This was the genesis of my Multi-Stepper Motor Controller.
I'll be the first to admit it. This was an awfully ambitious project for someone with as little circuit-building experience as I had. But who should that stop?
The idea was pretty simple, actually. For each motor, there's only one coil that needs to be energized. It's like a coordinate system, with the motor number on one axis and the coil number on the other.
There are eight bits coming out of a parallel port (there are actually more, and a few going in, but, one step at a time). I should be able to use two of those, demultiplex to a 1-of-4 choice, and use that to select the motor coil.
The other four bits can be demultiplexed to select one of sixteen different motors. Oh my, the possibilities were most exciting.
Basically, I was talking about a computer with sixteen latched four-bit registers on a four-bit bus. I figured I could use the remaining two bits as controls. The latched registers turned on a MOSFET circuit, which powered the motors. Voila!
Of course, the immediate problem is that there was no method of feedback. How were the motors to report their position? The way I figured, as long as I got this part working, I could always add a separate method for feedback later, perhaps with a genuine I/O card or something.
The software was the toughest stufff I'd ever written. I had to track all the motors and the coils and it was all bitwise manipulation. I wrote it in Turbo Pascal. I added facility to "remember" commands, so if you moved the motors in a way that was good, the sequence could be recorded and played back. I even wanted to write an optimizer program that would analyze the command sequence file and "trim the fat" by combining all steps that involved moving the same motor in the same direction.
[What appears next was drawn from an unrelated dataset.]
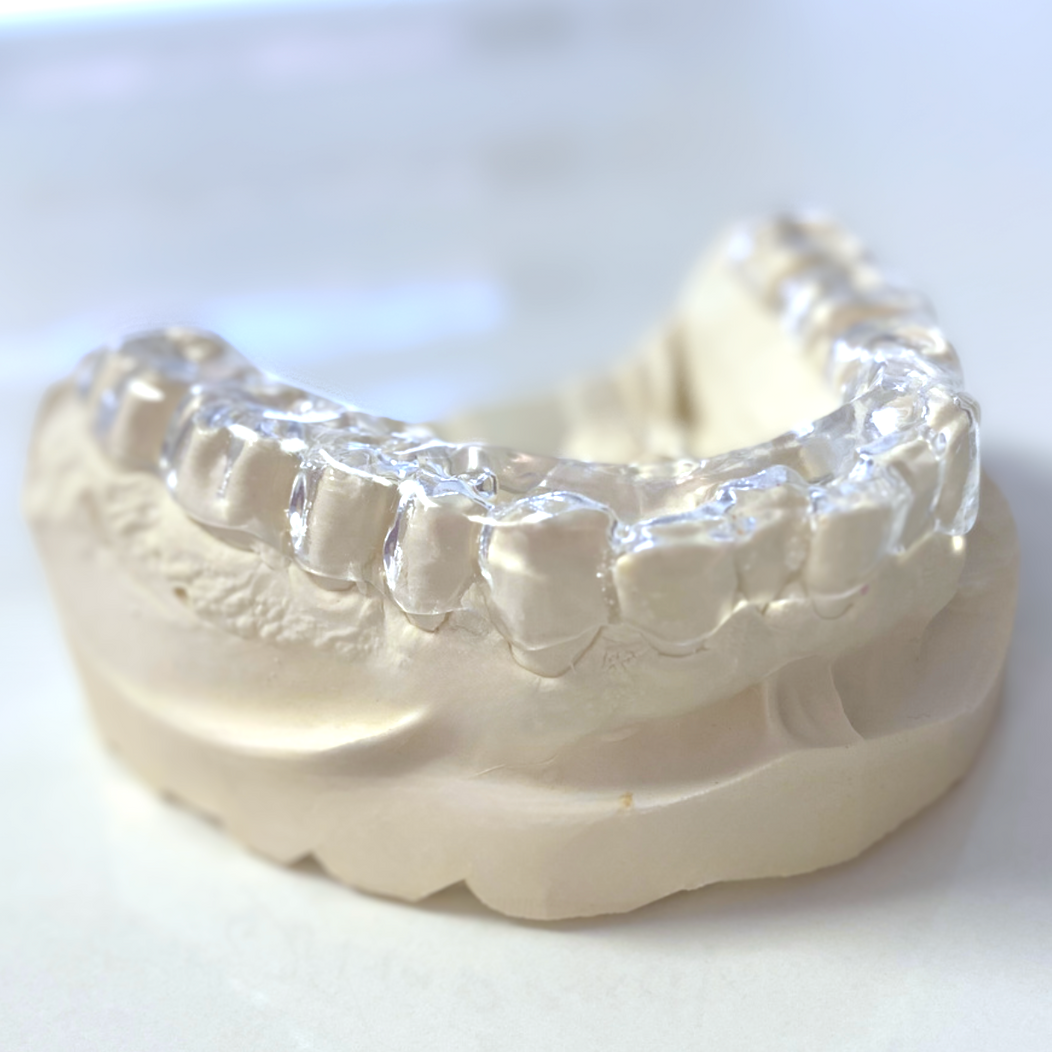 Detailaufnahme einer Zahnschiene für die Schienentherapie.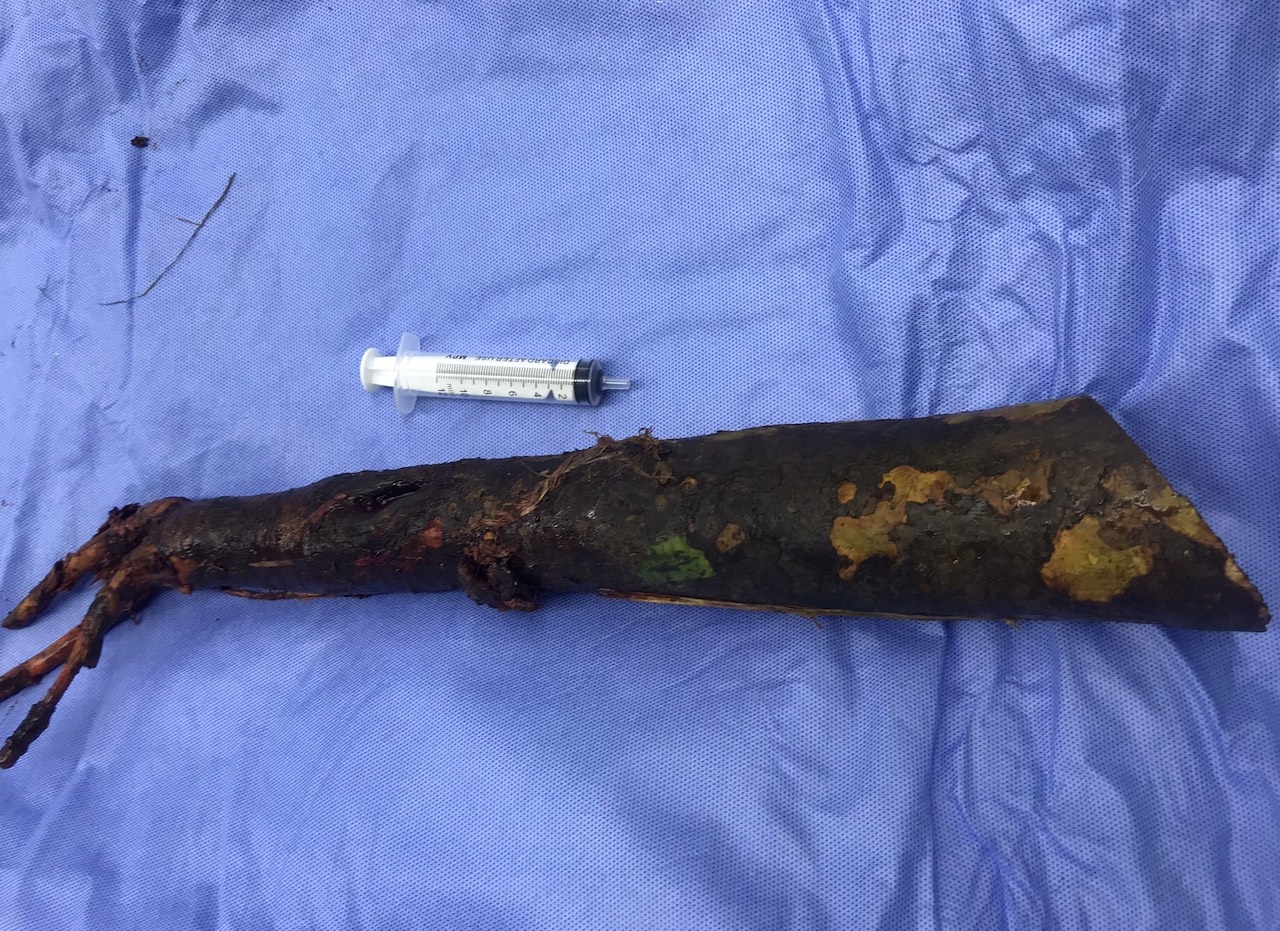 Nguoi dan ong bi coc dam xuyen nguoi hinh anh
Here's what happened: I got the software to work (and it was a pretty spiffy interface, too!) Yay! I was able to make the hardware (the interface circuit) work from manual switching. It properly selected the registers and loaded the bus nybble in and held that helpless baby at the latch. However I could not get the computer to talk to the parallel port. At least not the way I wanted it to. I had been going in from too high a level, trying to use the "prn" functions and whatnot, when I should have just beeen banging data into memory. Oh well, I halted the project at this point, probably distracted by a girl or something.